Forum Moderators: phranque
Large sites, e.g. national TV station's, newspapers etc constantly evolve over time; naturally new content is going to come along, microsites will be created then discarded, old content will die away, etc. Surely then over time, to preserve as much relevance as possible, to ensure as much PageRank and link popularity is preserved, the number of redirects on a large site has the potential to be huge? Surely httpd.conf and htaccess files are potentially enormous on such sites?
But this must bump into a seo-preserves-ranking-via-301's versus scalability conflict given that large chunks of redirect code are run for every request?
So, don't large sites just end up with very large httpd.conf and .htaccess files? And can they deal with any resulting scalability issues by just slapping some more servers in the web farm?
Thanks for any thoughts,
Ste
At a lower level, there are several ways to do "massive numbers" of redirects, and the use of hard-coded "Redirect" directives and RewriteRules is only efficient at the small scale. A more efficient approach is to use RewriteMap to access a hashed URL lookup table, or to call a script that uses hashes as keys to lookup old-to-new URL translations. In this way, you avoid having to process the Redirect or RewriteRule directives in a linear fashion -- The hashes let you grab the URL you need much more quickly, even if a second or third-level hash is required. And advantage of the script method is that old-to-new URL translations can be stored in the same database as used for all other page-related data, centralizing administration and maintenance.
At an intermediate level, you should know that code in httpd.conf is pre-compiled into executable code at server restart, and executes as "native" code. Therefore, it is *much* more efficient than even identical code in .htaccess, which is interpreted from text to executable code on-the-fly for each and every HTTP request.
One problem is that httpd.conf and RewriteMap are inaccessible to users of shared name-based virtual hosting. But since shared hosting isn't particularly scalable either, those who have the 'too many redirects' problem are also likely to have outgrown shared hosting as well.
The major factor that really helps avoid running up against this problem is to have a good site and URL architecture based on content-type, SE robot, caching, access-control, and maintenance considerations.
Sir Tim Berners-Lee's paper, "Cool URIs don't change [w3.org]" pretty much covered it all.
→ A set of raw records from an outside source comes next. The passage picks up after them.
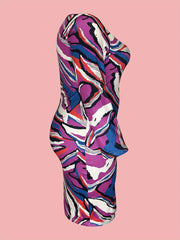 Allover Print Long Sleeve Slim Fit Dress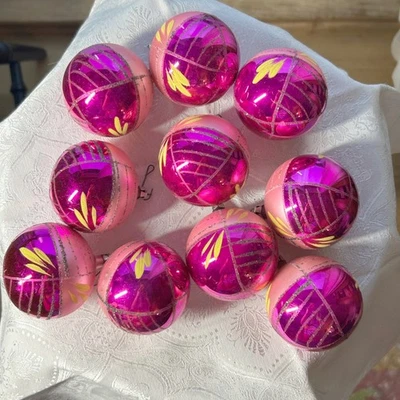 Set 10 Poland Pink Glass Ornaments 2.5" Hand Painted Glitter Vintage MCM - Image 1 of 4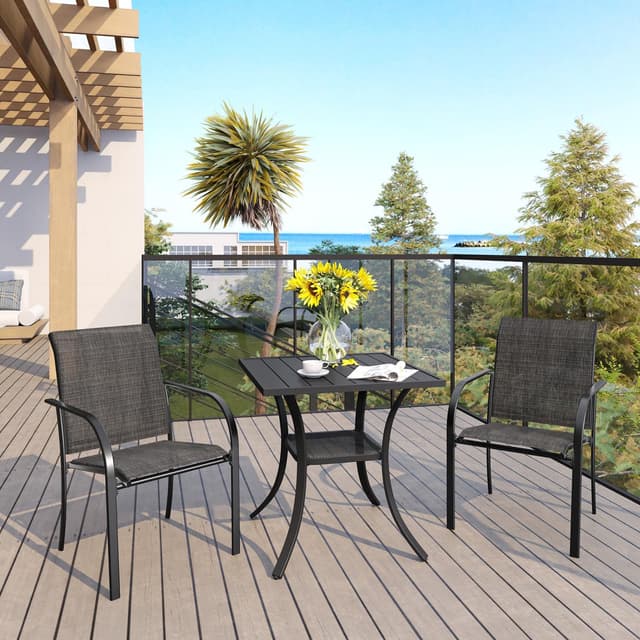 VICLLAX Patio Set for 2, Outdoor Dining Set Includes 28" Small Outdoor Table and 2 Stackable Sling Chairs, Black Tabletop and Grey Fabric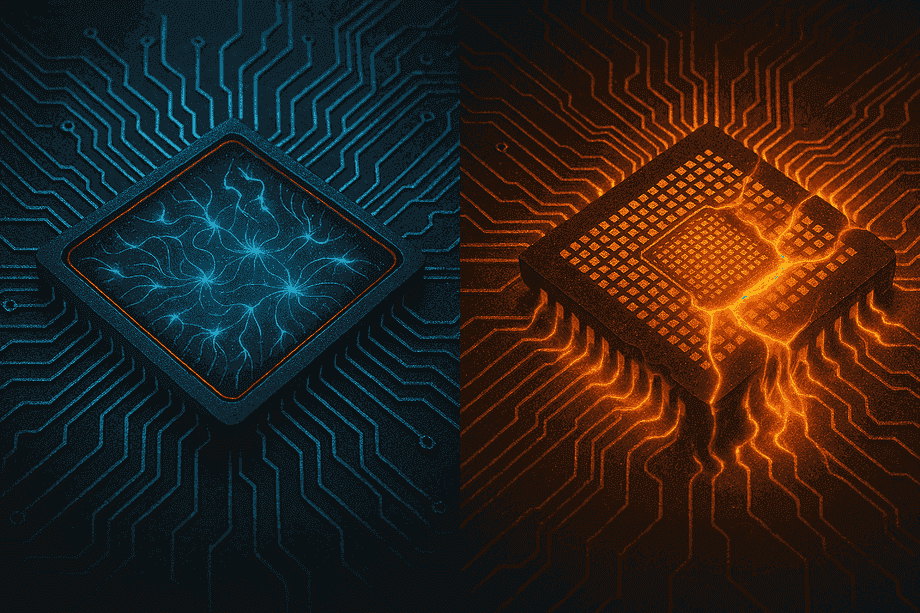 Neuromorphic chip cross-section with spiking waves vs traditional CPU grid melting under heat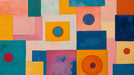 Colorful Geometric Shapes Mural Wallpaper in Office | Various Colors (Orange, Blue, Pink, etc.) of Geometric Shapes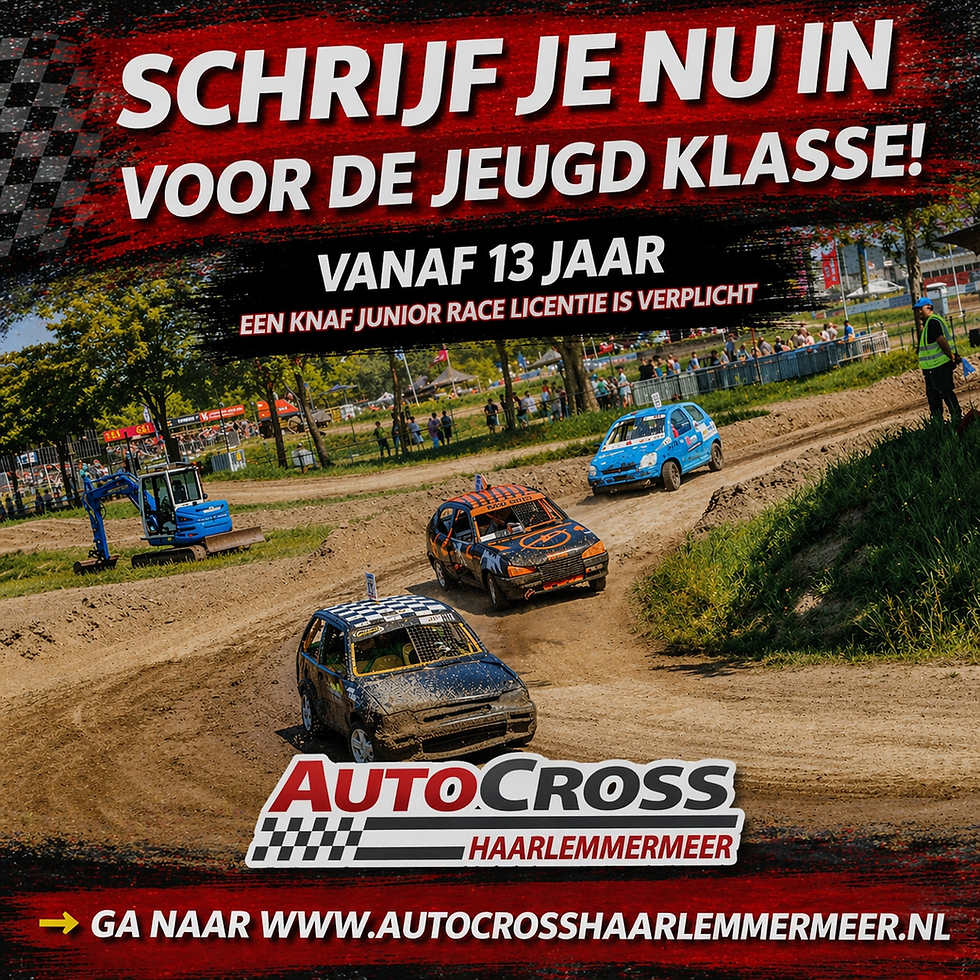 🏁 Schrijf je nu in voor de junior klasse!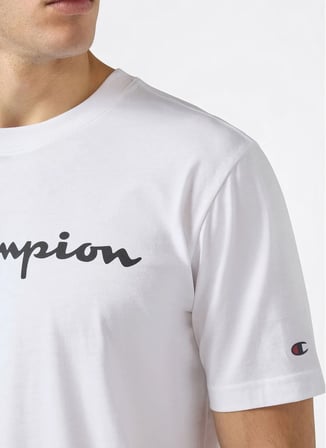 Champion 221814-WW001 Short Sleeve T-shirt Beyaz Erkek Yuvarlak Yaka Süprem T-Shirt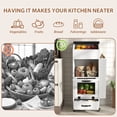 thumbnail image 6 of JOIVI 16.0" Potato and Onion Storage Bin on Wheels, 4-Tier Rolling Fruit and Vegetable Organizer with Side Rack & Drawers, Movable Bread Box Cabinet with Mesh Doors for Kitchen, White, 6 of 8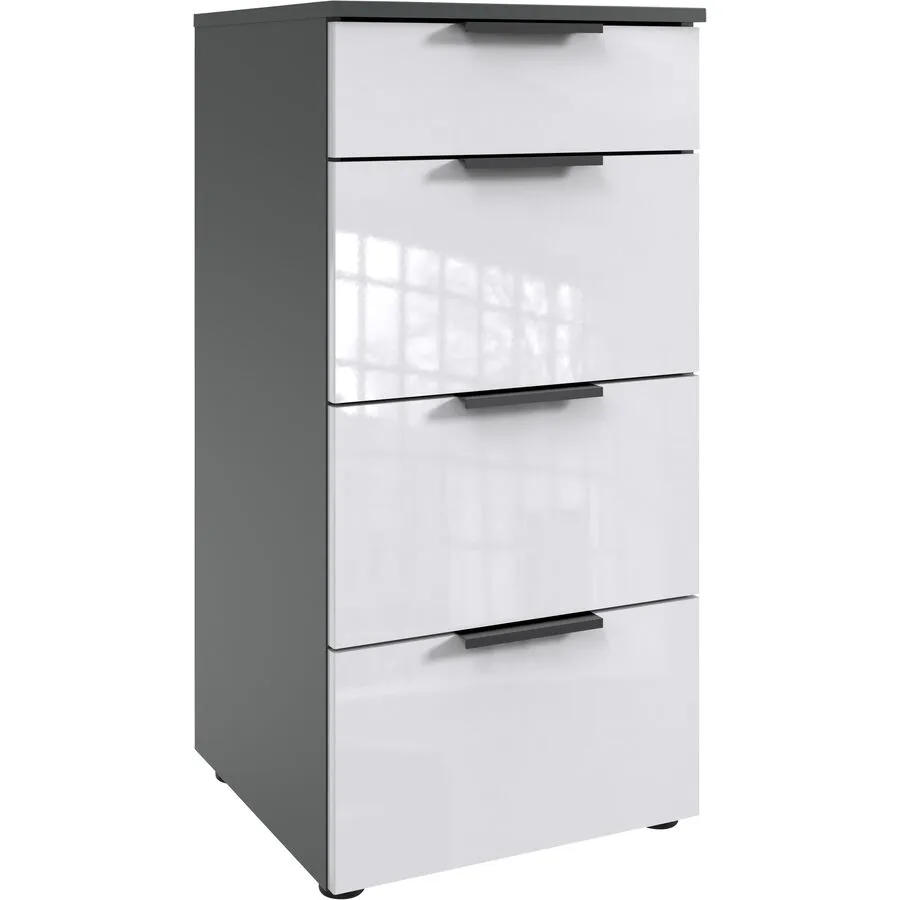 Kommode Sanko Weiss/graphit Holzwerkstoff B 41 H 84 cm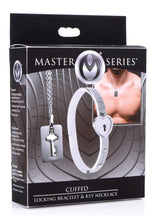 Load image into Gallery viewer, Master Series Cuffed Locking Bracelet and Key Necklace - Silver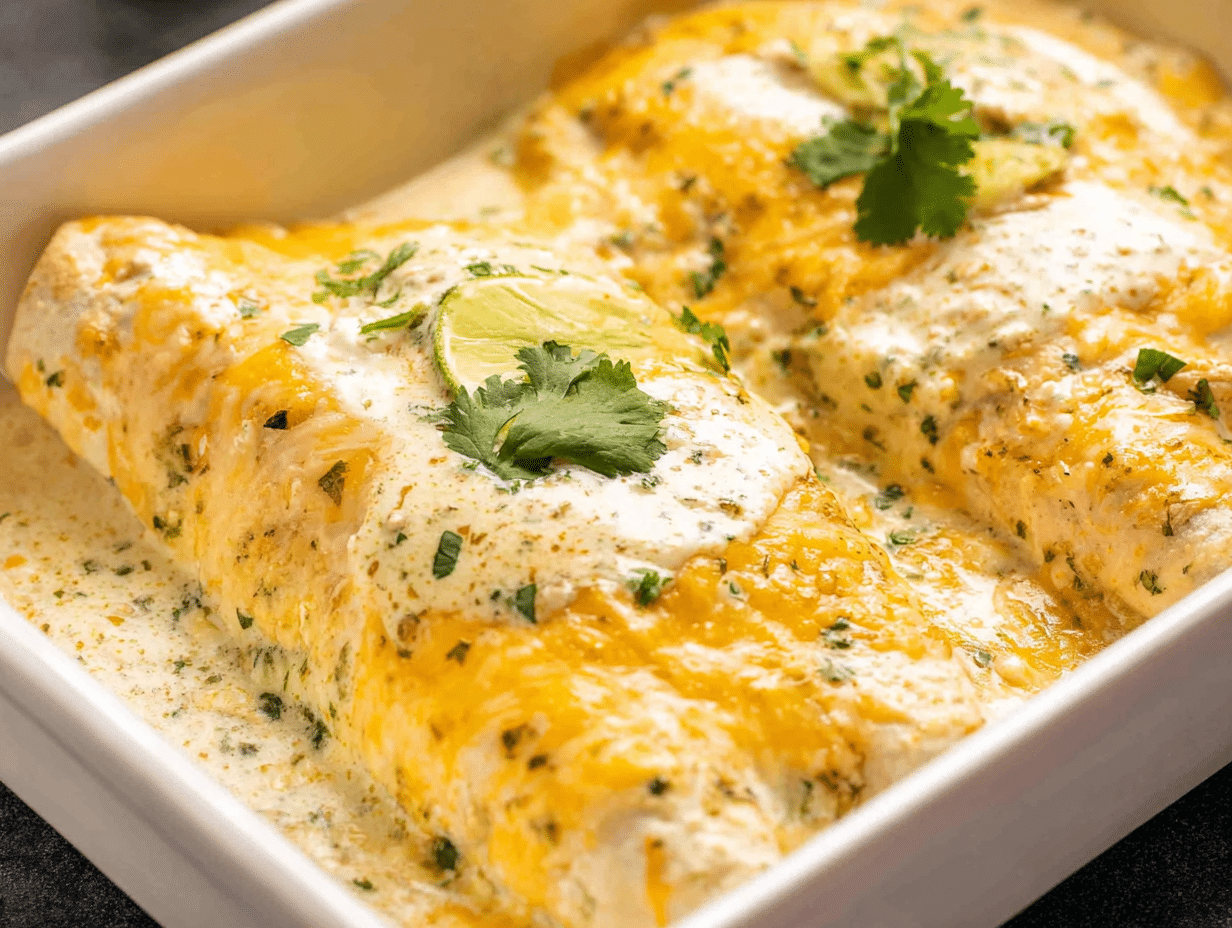 Gluten-Free Chicken Enchiladas with Sour Cream White Sauce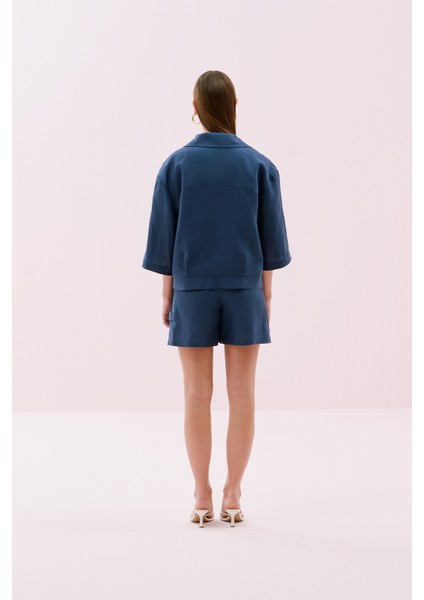 Fermuarlı Çift Cepli Truvakar Kol Keten Ceket Lacivert Y2517503_015 fiyatları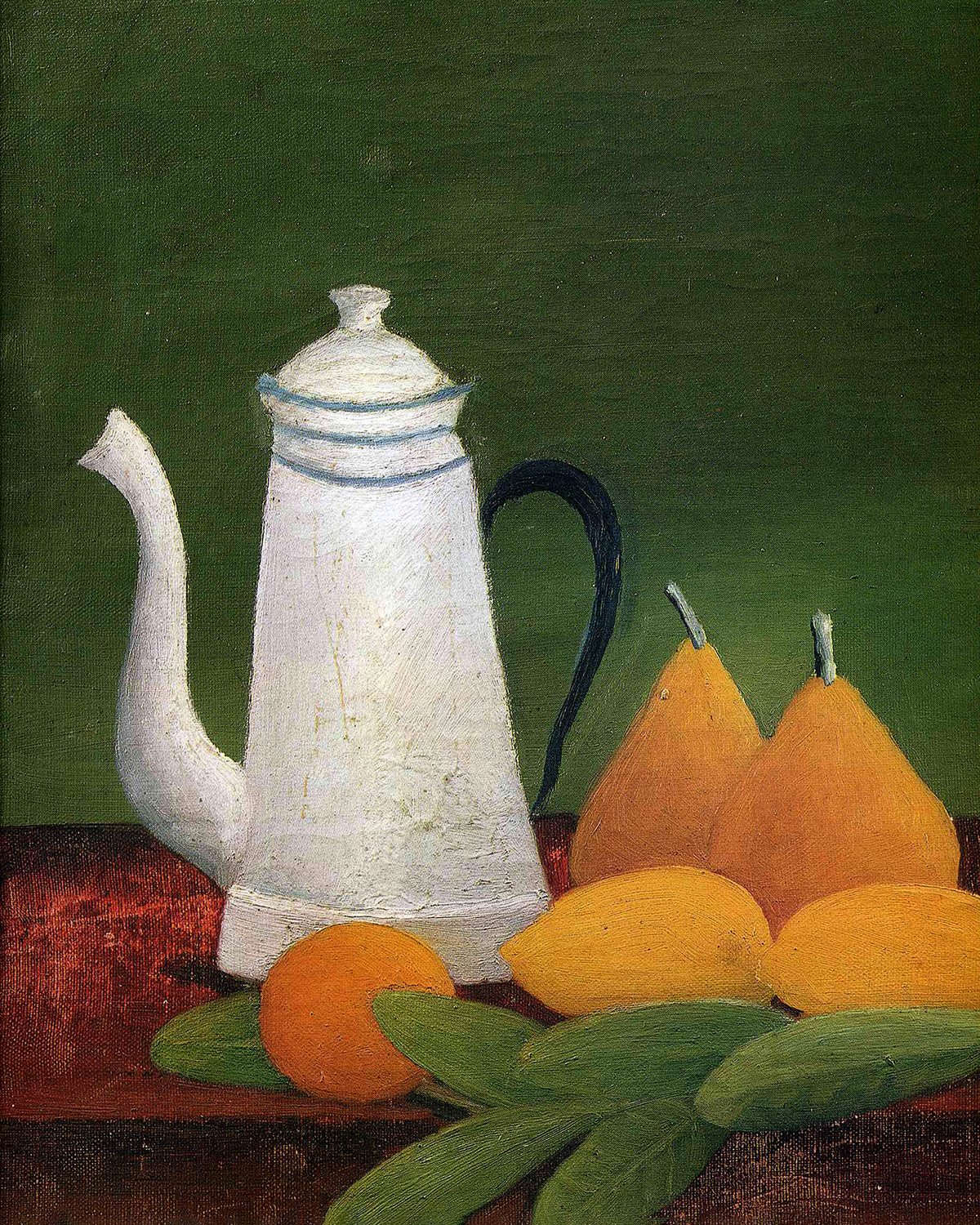 Still life with Teapot and Fruit by Henri Rousseau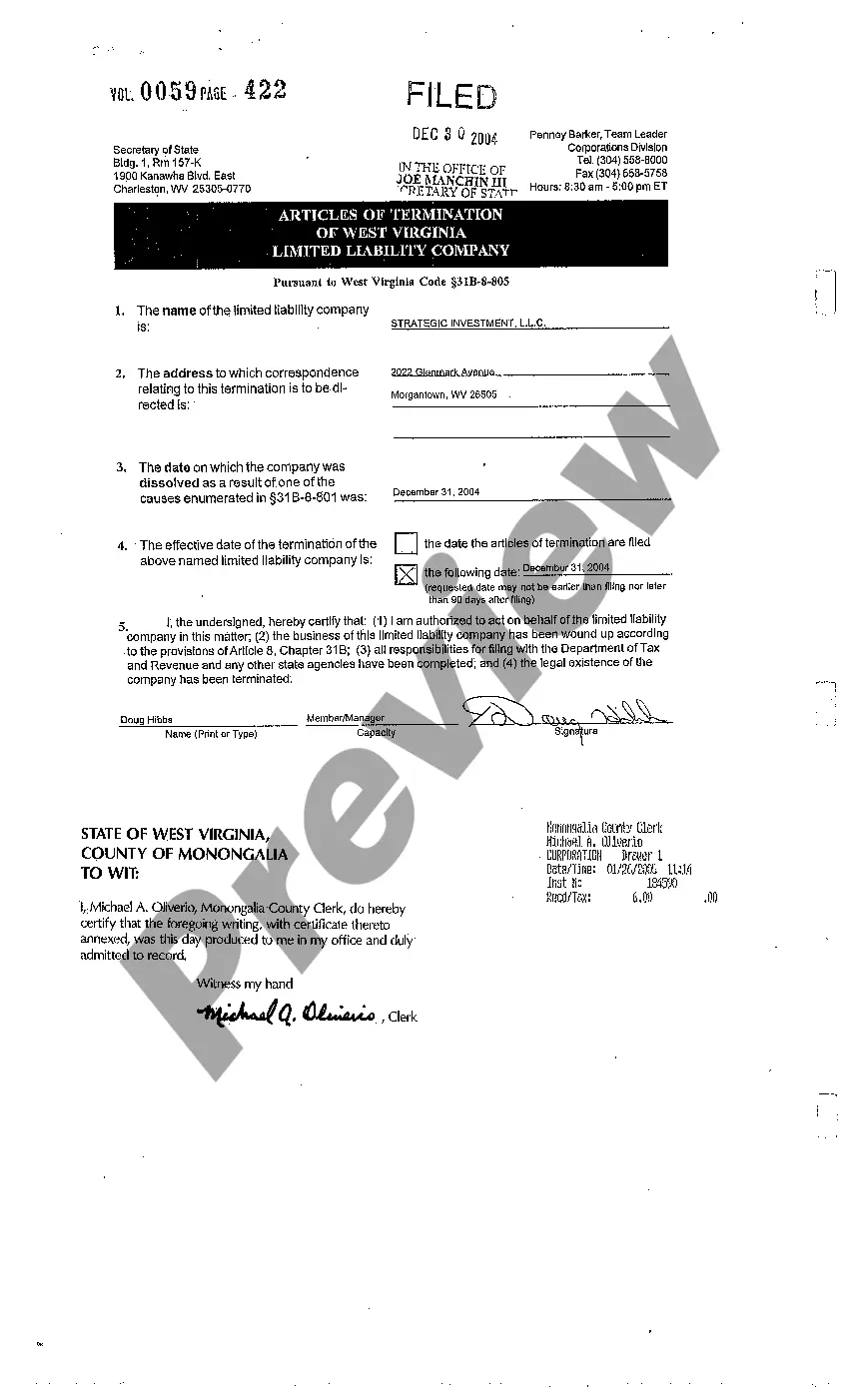 Preview Certificate of Termination of LLC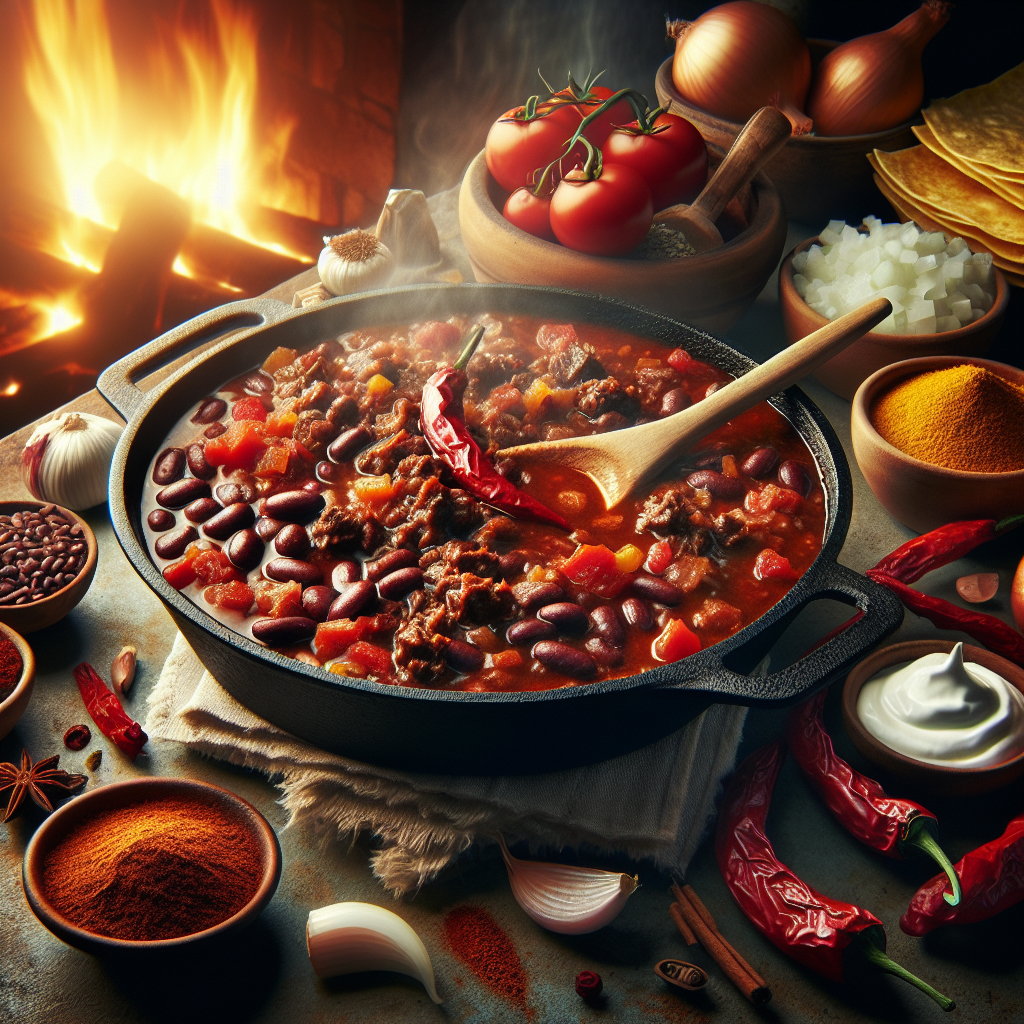 Sizzling chili con carne in cast-iron skillet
As the inventor of the WWW, he's worth listening to.
Jim
It's not been unusual for me to modify 200-300 links because they fail to include a redirect (simple procedure) in their work schedule. SLOPPY WORK on their end.
BTW, for the longest time I failed to keep record of these old links, however today the realization has finally slapped me in the face to save the old URL's and utilize archive.org for the quality items that had been removed. Too bad I didn't relaize this some ten years ago.
Don